OBOR and supply chain finance

“When we hear OBOR,” says Bruce Alter, head of global transaction services, DBS Bank “the lead would be from project finance for large infrastructure projects. In a granular way, some of the products used are guarantees or standby letters of credit (LCs).

“Even the traditional trade flow of LCs comes into play. OBOR can thus go from the complex standby LC to the LC to open account transaction. We’ve seen a lot of those transactions, not just in Southeast Asia but in the Middle East and Africa.” He adds that “cash management is often the consequence of the trade transaction.”

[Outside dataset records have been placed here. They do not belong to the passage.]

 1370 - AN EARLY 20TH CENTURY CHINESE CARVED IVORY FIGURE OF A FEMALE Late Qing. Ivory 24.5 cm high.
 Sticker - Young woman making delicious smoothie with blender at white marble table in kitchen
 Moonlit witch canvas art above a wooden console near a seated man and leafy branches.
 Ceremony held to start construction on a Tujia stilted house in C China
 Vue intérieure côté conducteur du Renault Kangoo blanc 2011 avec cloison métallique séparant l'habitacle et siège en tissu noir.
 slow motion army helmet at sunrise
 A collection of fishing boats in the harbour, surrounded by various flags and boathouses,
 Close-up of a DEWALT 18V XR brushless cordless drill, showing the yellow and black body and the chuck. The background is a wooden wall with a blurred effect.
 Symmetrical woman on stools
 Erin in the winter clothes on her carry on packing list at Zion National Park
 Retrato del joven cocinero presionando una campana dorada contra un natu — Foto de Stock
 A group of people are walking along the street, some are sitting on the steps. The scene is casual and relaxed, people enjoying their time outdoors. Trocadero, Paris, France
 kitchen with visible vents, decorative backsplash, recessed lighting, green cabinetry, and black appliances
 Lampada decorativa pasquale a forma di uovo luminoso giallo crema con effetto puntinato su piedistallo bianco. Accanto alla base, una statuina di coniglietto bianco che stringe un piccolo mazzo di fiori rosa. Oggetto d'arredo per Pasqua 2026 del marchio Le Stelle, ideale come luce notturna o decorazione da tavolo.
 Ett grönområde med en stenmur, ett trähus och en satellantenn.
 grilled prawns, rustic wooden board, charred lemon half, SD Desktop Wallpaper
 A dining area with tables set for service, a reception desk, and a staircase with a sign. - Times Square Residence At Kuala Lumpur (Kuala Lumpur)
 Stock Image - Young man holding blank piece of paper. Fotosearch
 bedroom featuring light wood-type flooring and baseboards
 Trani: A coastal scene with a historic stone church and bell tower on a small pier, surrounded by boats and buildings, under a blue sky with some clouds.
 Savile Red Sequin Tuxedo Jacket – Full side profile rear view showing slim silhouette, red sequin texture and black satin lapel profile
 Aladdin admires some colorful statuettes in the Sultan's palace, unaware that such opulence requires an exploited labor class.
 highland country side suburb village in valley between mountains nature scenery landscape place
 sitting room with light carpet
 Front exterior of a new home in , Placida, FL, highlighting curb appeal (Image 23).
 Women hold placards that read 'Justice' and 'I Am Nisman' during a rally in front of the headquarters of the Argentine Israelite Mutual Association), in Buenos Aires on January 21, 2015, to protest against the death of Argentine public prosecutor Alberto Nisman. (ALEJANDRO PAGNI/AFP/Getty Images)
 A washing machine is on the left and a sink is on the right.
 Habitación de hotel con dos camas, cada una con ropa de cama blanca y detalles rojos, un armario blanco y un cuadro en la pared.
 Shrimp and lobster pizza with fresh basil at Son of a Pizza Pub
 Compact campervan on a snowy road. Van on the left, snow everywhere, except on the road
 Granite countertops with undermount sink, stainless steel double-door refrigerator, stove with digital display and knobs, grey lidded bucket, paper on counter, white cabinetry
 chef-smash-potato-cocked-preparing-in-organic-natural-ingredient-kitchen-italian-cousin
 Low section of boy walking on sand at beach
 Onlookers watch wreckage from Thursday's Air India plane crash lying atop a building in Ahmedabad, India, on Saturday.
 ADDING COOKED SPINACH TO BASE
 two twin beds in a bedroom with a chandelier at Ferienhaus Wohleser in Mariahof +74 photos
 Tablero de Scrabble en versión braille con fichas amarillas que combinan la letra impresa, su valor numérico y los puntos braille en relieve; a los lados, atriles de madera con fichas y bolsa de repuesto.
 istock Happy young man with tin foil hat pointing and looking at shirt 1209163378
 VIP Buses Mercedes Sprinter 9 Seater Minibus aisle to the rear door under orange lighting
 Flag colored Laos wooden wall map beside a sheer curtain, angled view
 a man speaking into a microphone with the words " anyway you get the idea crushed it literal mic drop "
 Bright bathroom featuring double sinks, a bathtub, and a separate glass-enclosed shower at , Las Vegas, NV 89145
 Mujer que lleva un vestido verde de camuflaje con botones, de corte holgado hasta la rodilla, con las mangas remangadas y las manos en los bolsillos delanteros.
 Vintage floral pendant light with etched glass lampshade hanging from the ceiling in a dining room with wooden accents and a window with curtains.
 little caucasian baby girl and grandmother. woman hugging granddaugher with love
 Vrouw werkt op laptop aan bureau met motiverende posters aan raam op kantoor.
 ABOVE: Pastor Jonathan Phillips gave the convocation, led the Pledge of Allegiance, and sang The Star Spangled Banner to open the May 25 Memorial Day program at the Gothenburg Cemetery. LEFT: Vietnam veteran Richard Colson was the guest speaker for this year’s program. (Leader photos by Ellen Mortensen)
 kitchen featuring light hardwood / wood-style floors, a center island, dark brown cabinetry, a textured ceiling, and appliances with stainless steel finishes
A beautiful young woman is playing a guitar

Looking further at opportunities for financing, bank senior advisor Yaseen Anwar at ICBC Singapore agrees that infrastructure is the backbone and consists of three stages: “First is planning and development; second is construction; third is operational and the least risky. These phases are where the opportunities arise.”

“This US$2 trillion OBOR effort provides the catalyst for investments. Given geopolitical trends, you need regional integration to ensure that trade flows remain unencumbered. The gap is US$1 trillion per year for the next five years, and $50 trillion is needed by 2050 – OBOR has the resources to support it.”

He expects the result to be a new China-led ecosystem. “China is the largest exporter in the world and 43 countries view it as their largest export partner. Regional integration and linkages are shaping supply chains. World connectivity has changed.” OBOR, Anwar concludes “is a source for the resources to jumpstart the economy and increase employment, for inclusive growth and reduced poverty. Commensurate trade flows will be generated.”

Asked about concerns that OBOR could become a competing or mutually exclusive initiative to other trade agreements, Singapore Management University law professor Locknie Hsu says “there is no belt and road agreement yet. China’s plan is a vision to energise the region of 60-odd countries for trade and investment.

“The initiative does not have a unifying legal structure. It means we don’t have a common legal definition of the supply chain.” The result is that “you’ll find divergent regulatory requirements in OBOR countries, which translates into cost and compliance issues. Secondly, there are also different import export requirements and thirdly, new supply chain participants.”

Asked whether OBOR is too China-centric and how much it might be affected by widespread distrust, Lehmann believes it is important to consider at two levels. “One, there is global distrust, an imperial rivalry between the US, China, and Russia. The other thing is that Asia is an economic miracle, with some exceptions, and a geopolitical cauldron.

“Every Asian country has a dispute with at least one of its neighbours. There is political instability, and a rise of nationalism. Institutions are weak, confidence-building factors are weak. There’s more alarm.” While OBOR is very exciting, at the same time it presents many obstacles.

Alter adds that in the long term, renminbi (RMB) internationalisation – both for OBOR and outside of OBOR – will to continue to grow. The currency will continue to be critical to trade payments and cash management. Despite the tensions in the long-term OBOR will continue to support both the growth of trade and RMB internationalisation.